O avanço é resultado da ampliação da área plantada, que passou de 84,2 mil hectares para 125,1 mil hectares, um crescimento de 48,6%. A produtividade também subiu, de 2.819 quilos por hectare para 3.650 kg/ha, impulsionada pelo interesse dos produtores em alternativas mais adaptadas às condições climáticas e econômicas da região.
O sorgo se consolidou como importante alternativa ao milho em áreas com maior risco climático e na produção de etanol, especialmente com o fortalecimento da indústria local. A biorrefinaria Inpasa, instalada em Sidrolândia, já utiliza o grão como matéria-prima para fabricação de biocombustíveis e derivados, ampliando sua relevância na cadeia produtiva.
Com esse desempenho, o sorgo superou o trigo como principal cultura de inverno depois do milho. A área plantada com trigo caiu de 45,3 mil hectares para 30,8 mil hectares entre as duas últimas safras. Apesar do crescimento expressivo na produtividade do trigo, de 992 kg/ha para 2.532 kg/ha, a produção total estimada para a safra 2024/2025 é de 78 mil toneladas, bem abaixo do volume alcançado pelo sorgo.
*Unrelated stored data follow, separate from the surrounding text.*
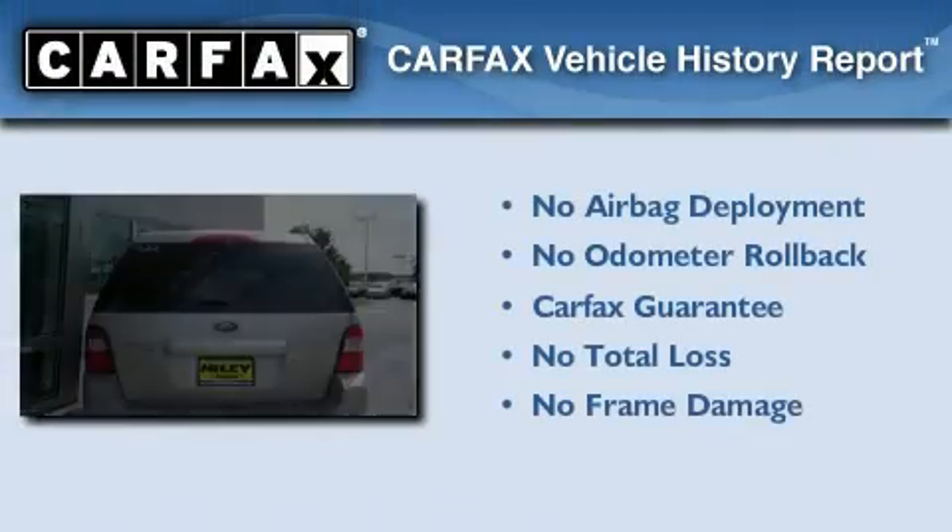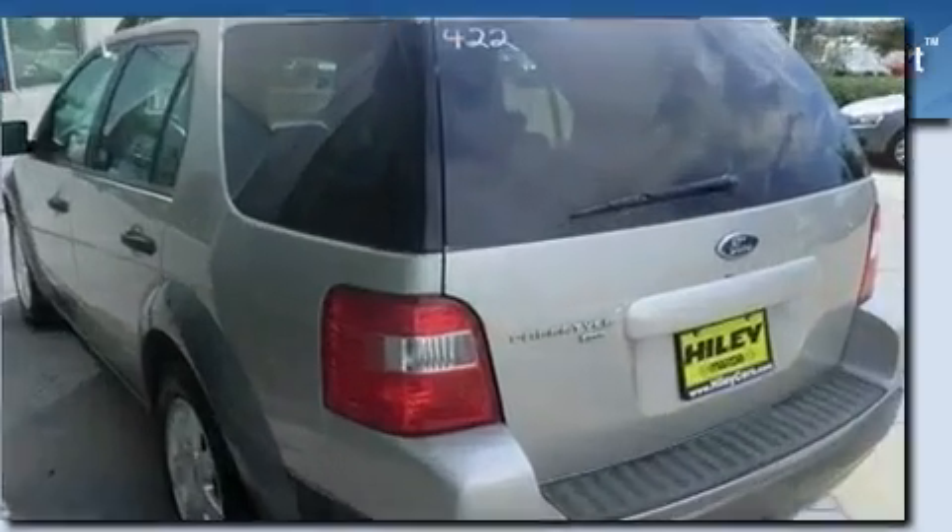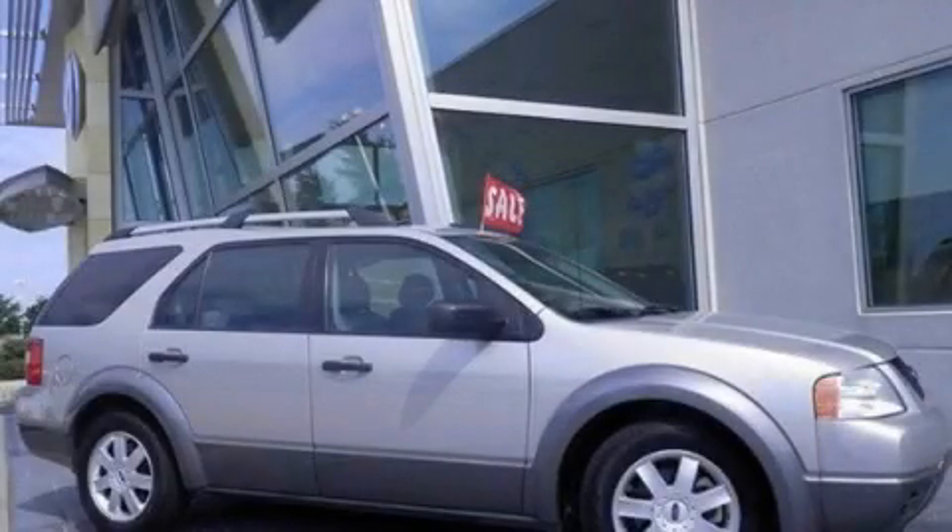Not to mention that this Ford qualifies for the Carfax Buy-Back Guarantee. This automobile won't last long at this price. Call and arrange a test drive now.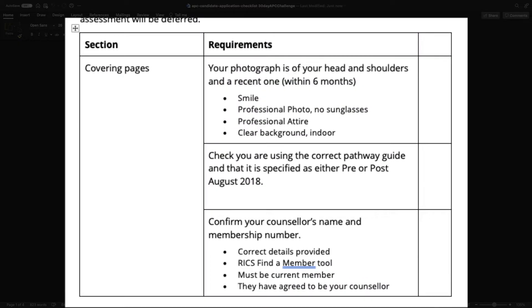The first thing to look at is the covering pages. Obviously a photo is needed — we need to know who you are — but I recommend that you smile, it's a professional photo, no sunglasses, professional attire such as a tie or a nice shirt, and that it's taken against a clean background or indoors. Also check and make sure that you are on the correct pathway.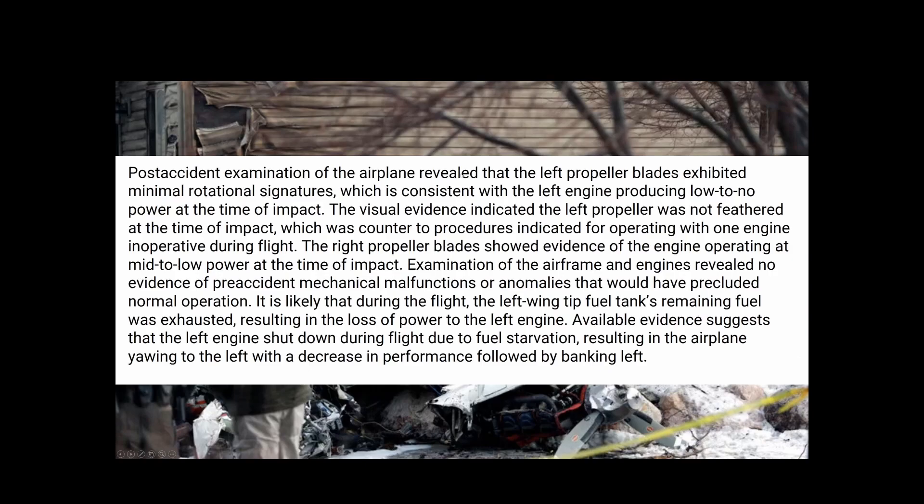Post-accident examination of the airplane revealed that the left propeller blade exhibited minimal rotation signatures, consistent with the left engine producing low to no power at the time of impact. Visual evidence indicated the left propeller was not feathered at the time of impact. The right propeller blade showed evidence of the engine operating at mid to low power at the time of impact.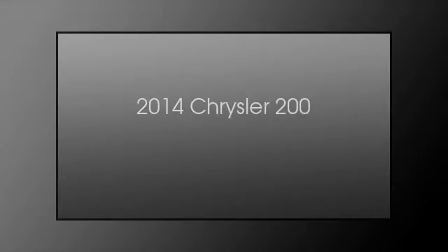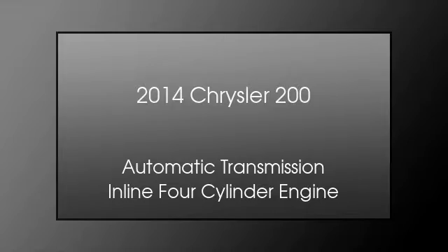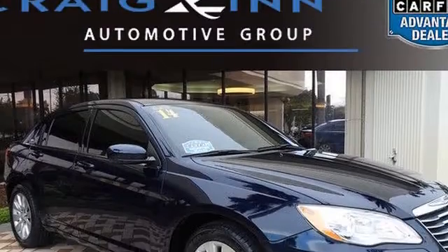This is a 2014 Chrysler 200. This car has an automatic transmission and an inline four-cylinder engine.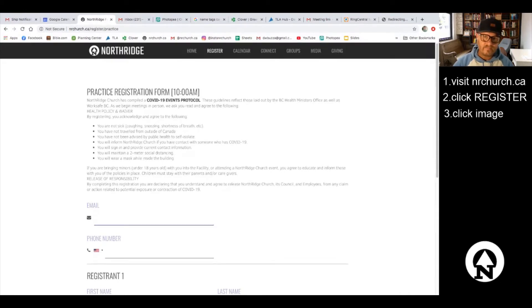Now there's a bunch of information here that you're not going to bother reading every time, but it would be very good to read through the first time — it gives you a picture of what we're doing to keep you safe during your visit. The last part is important: the release of responsibility says by completing this registration you are declaring that you understand and agree to release Northridge, its council, and employees from any claim or action related to potential exposure or contraction of COVID-19.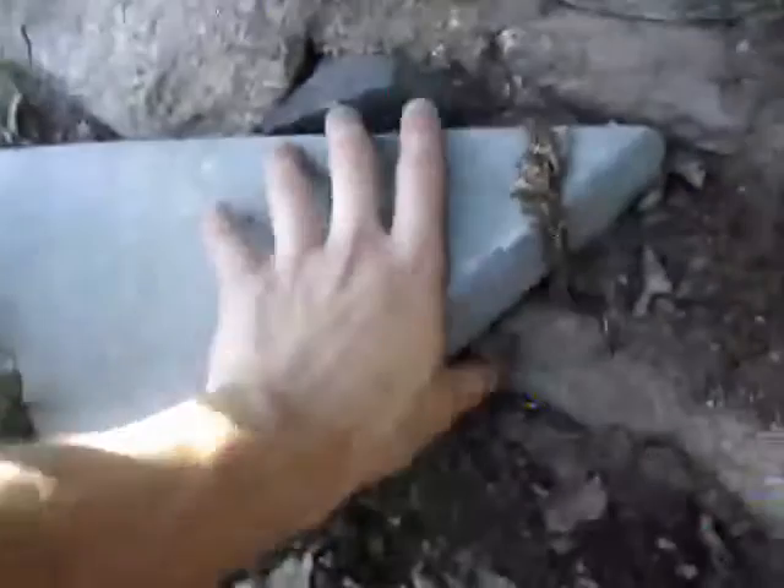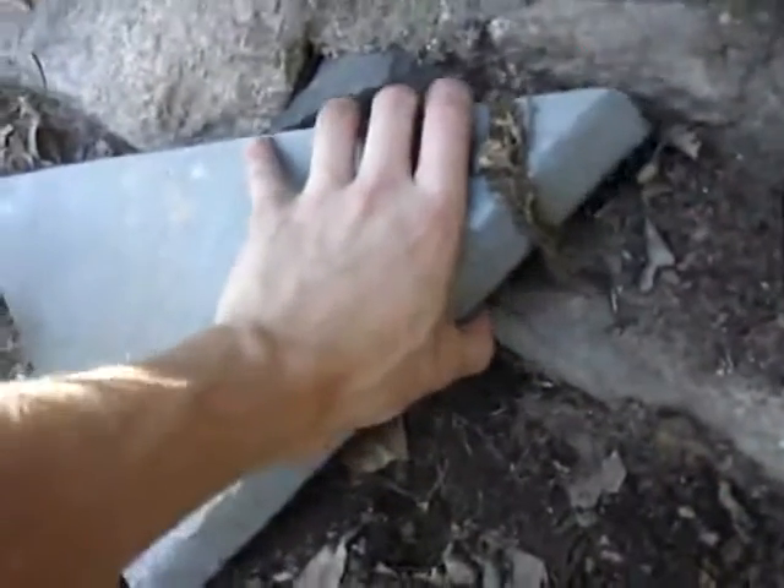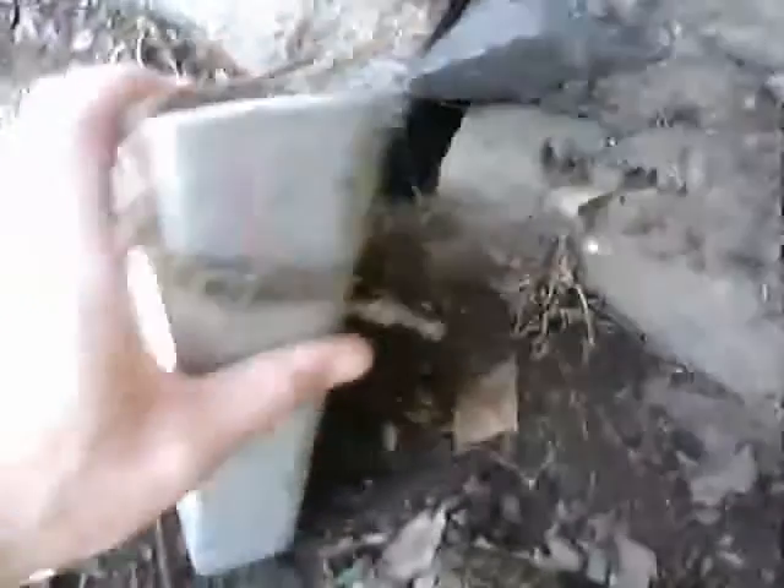Let's see what we've got under this rock. It looks as if we have some holes, maybe home to some sort of reptile. I don't see any sort of insects, so let's move on.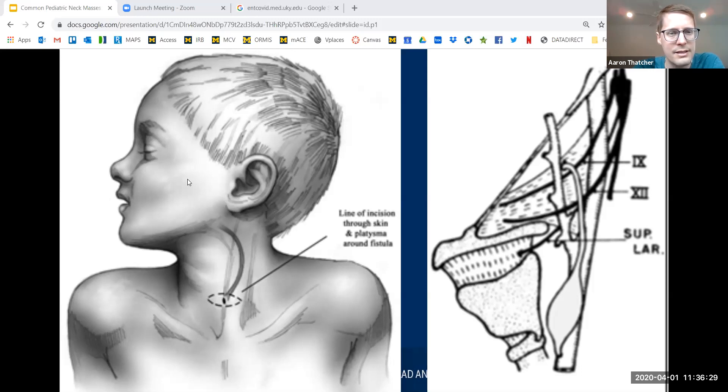When you are dissecting these lesions, they have a predictable course — deep to the other second arch structures but superficial to the third arch structures. The fistula tract will pass between the external and internal carotid arteries, and will pass over the top of cranial nerve 9 and cranial nerve 12.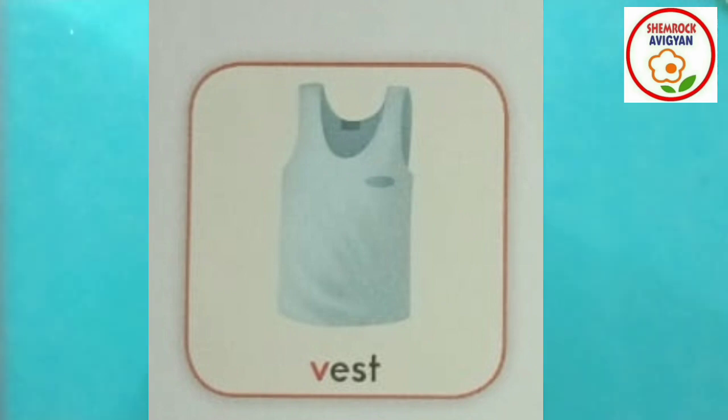This is a vest. A vest is a type of inner garment. V for vest. V for vest. V for vest — it starts with V. Now let's do the spelling.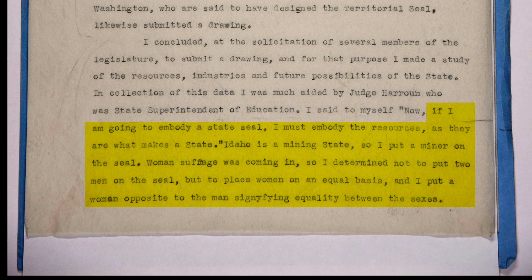In one such account, she describes the symbolism of the seal in great detail, saying: "If I am going to embody a state seal, I must embody the resources, as they are what makes a state. Idaho is a mining state, so I put a miner on the seal. Women's suffrage was coming in, so I determined not to put two men on the seal, but to place women on an equal basis. And I put a woman opposite to the man, signifying equality between the sexes."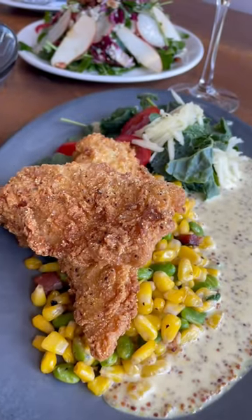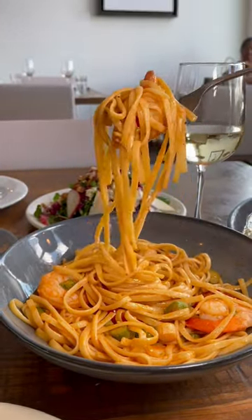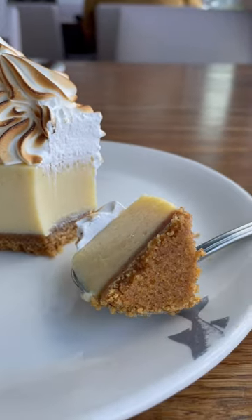We added a dessert to sweeten the meal. My favorite entrees were the catfish and the shrimp pasta. The Prefix Menu is available Monday through Friday from 11:30 to 5:30 at Paddlefish in Disney Springs.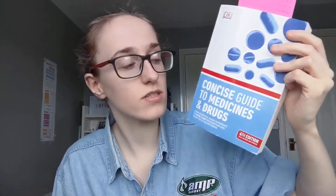Following on from that, it's another DK book — we're just going to ignore the post-it note because that's just my studying. It is the Concise Guide to Medicines and Drugs. This is three pounds on Amazon at the moment, though currently out of stock. You can get it from The Works online for three pounds.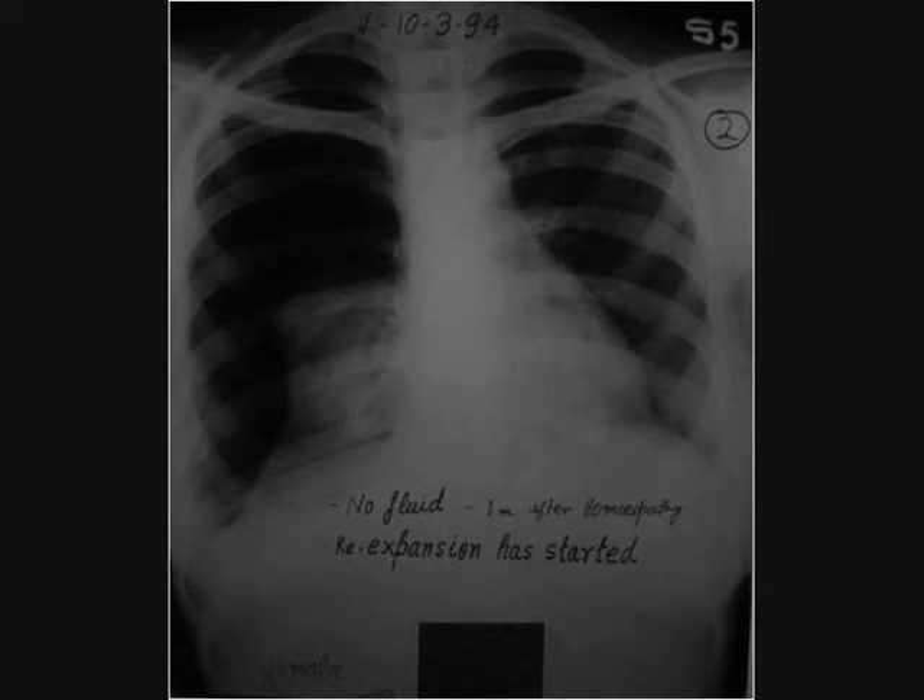This is after one month of homeopathic treatment. You can see there is no fluid in the right chest. The right lung has re-expanded a little. Please note: no ICDT was used.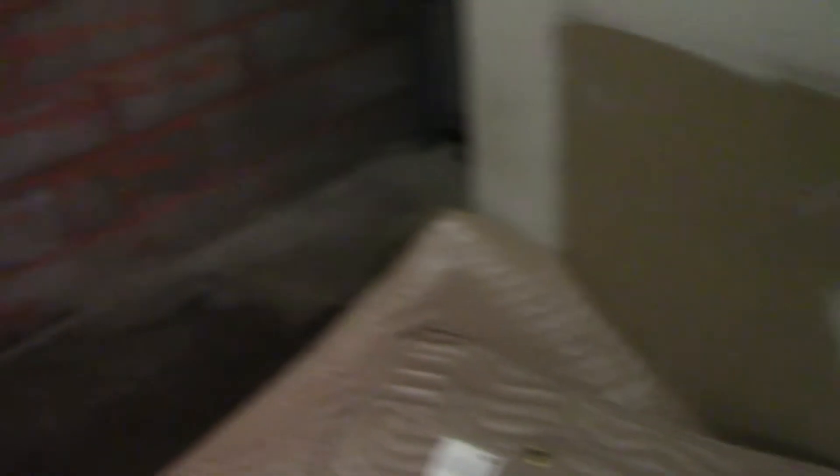It is open. It does stink. No more keys.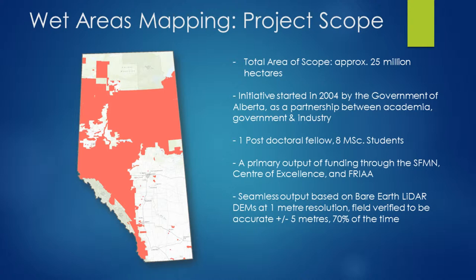It's an initiative that started back in 2004 through partnership with the GOA, with UNB, and various industry partners, predominantly in the forest industry. We've had one postdoc and eight master students so far run through the program, assisting on the analysis and field validation of some of this work.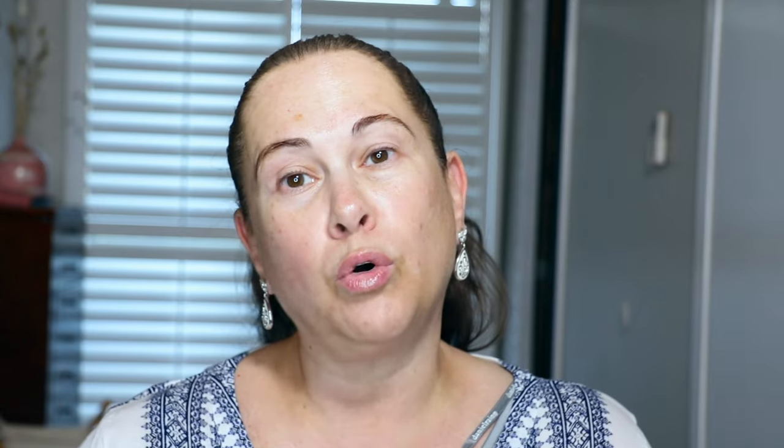This is the Physician's Formula Butter Glow Bronzing Serum — so so good. What I like to do is mix it with my moisturizer. I'm going to re-moisturize and mix it with my holy hydration daily moisturizer from ELF. This one has hyaluronic acid, jojoba seed oil, and vitamin E. Let's shake this up and get started.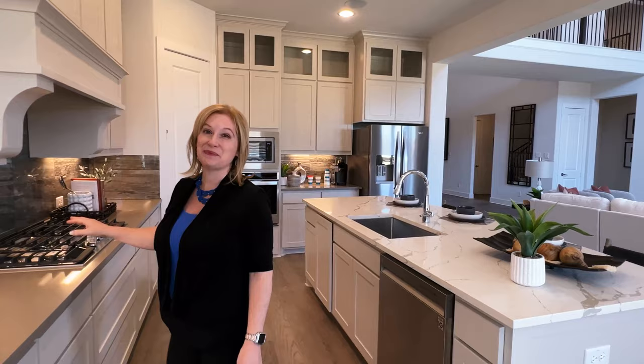In the Providence kitchen, you again see that beautiful travertine tile backsplash. You also have a contrasting marble countertop, raised cabinets with glass display cabinets, as well as a six-burner gas stove.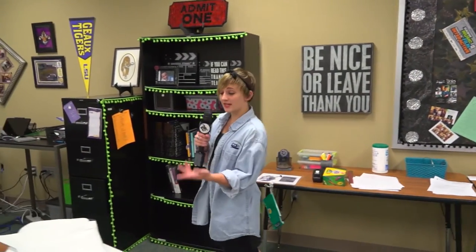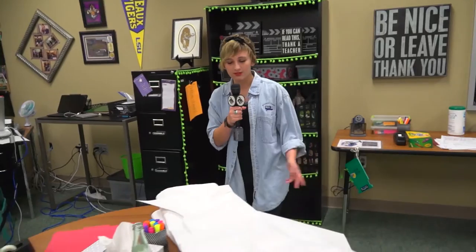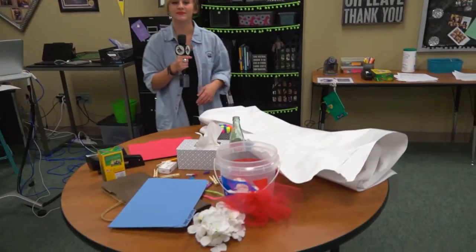You'll see that your teacher has gathered a table full of a bunch of random materials. It'll look something like this. Now, you're probably wondering what you're going to be doing with these materials. Well, here's Miranda to explain.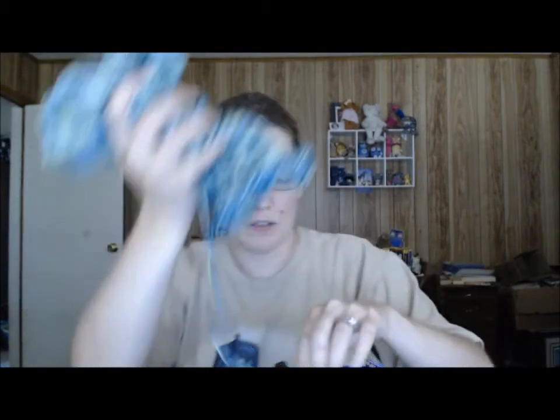I need to get this off my needles, and then I need to get back to my dragon shawl and get that one off my needles too.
O milho segue como a principal cultura da safrinha em Mato Grosso do Sul, com previsão de ocupação de aproximadamente 2,103 milhões de hectares e produção total estimada em cerca de 10,2 milhões de toneladas. No entanto, os altos custos de produção e a instabilidade climática vêm incentivando os produtores a apostar em culturas mais resistentes e de menor exigência hídrica e nutricional.
Além do sorgo, outras culturas de inverno também têm participação na safrinha sul-mato-grossense, como a aveia branca, cultivada principalmente na região sul do Estado, com destaque para municípios como Ponta Porã, Laguna Carapã, Dourados, Amambaí, Aral Moreira e Maracaju. A estimativa é de que a aveia ocupe cerca de 35 mil hectares na safra 2024/2025.